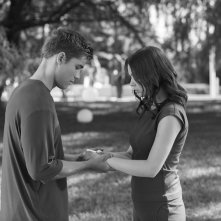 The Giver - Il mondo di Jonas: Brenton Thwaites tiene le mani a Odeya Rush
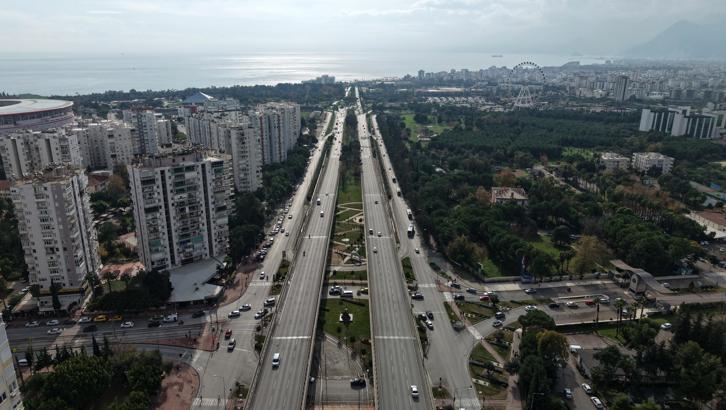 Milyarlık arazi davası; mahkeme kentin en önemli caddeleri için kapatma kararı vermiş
---
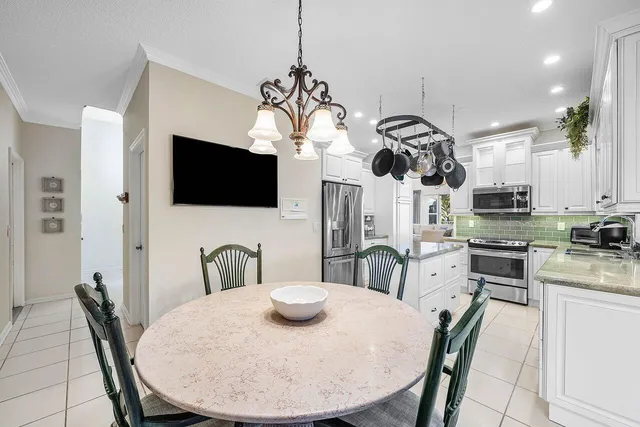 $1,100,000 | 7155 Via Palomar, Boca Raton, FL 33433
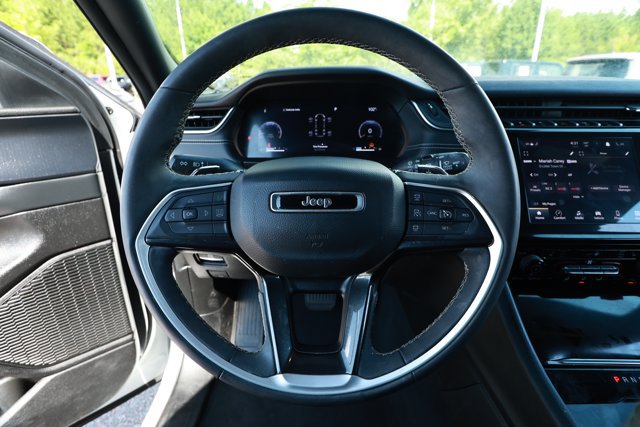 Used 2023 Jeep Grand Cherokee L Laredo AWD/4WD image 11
--
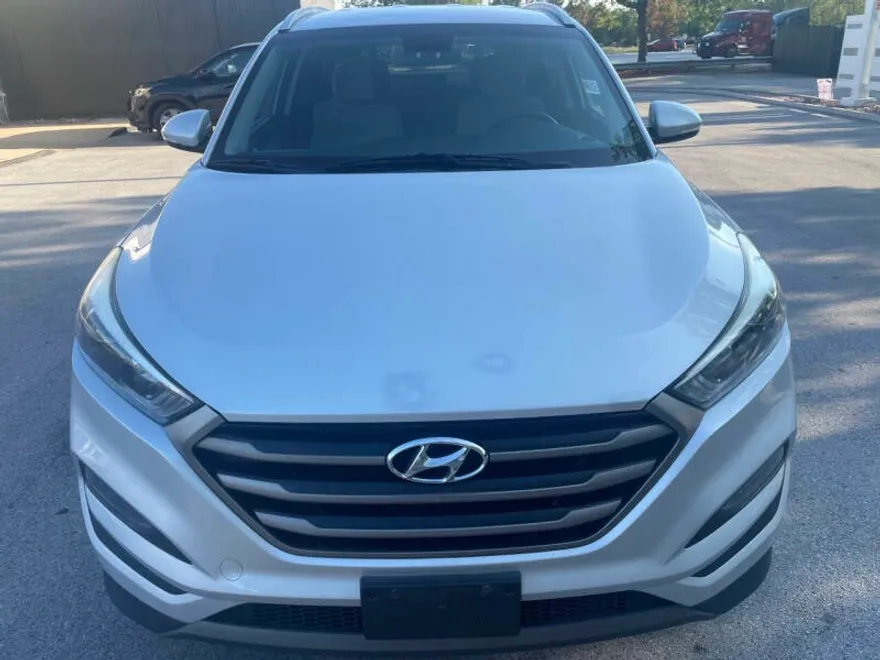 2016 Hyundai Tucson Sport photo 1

[WHAT THE TASK REQUIRES] In the listing above, find the line containing "The Giver - Il". Output it and every line after it up to and including the line containing "Milyarlık arazi davası;", exactly, but skip the pictures.

[EXPECTED ANSWER]
 The Giver - Il mondo di Jonas: Brenton Thwaites tiene le mani a Odeya Rush
 Milyarlık arazi davası; mahkeme kentin en önemli caddeleri için kapatma kararı vermiş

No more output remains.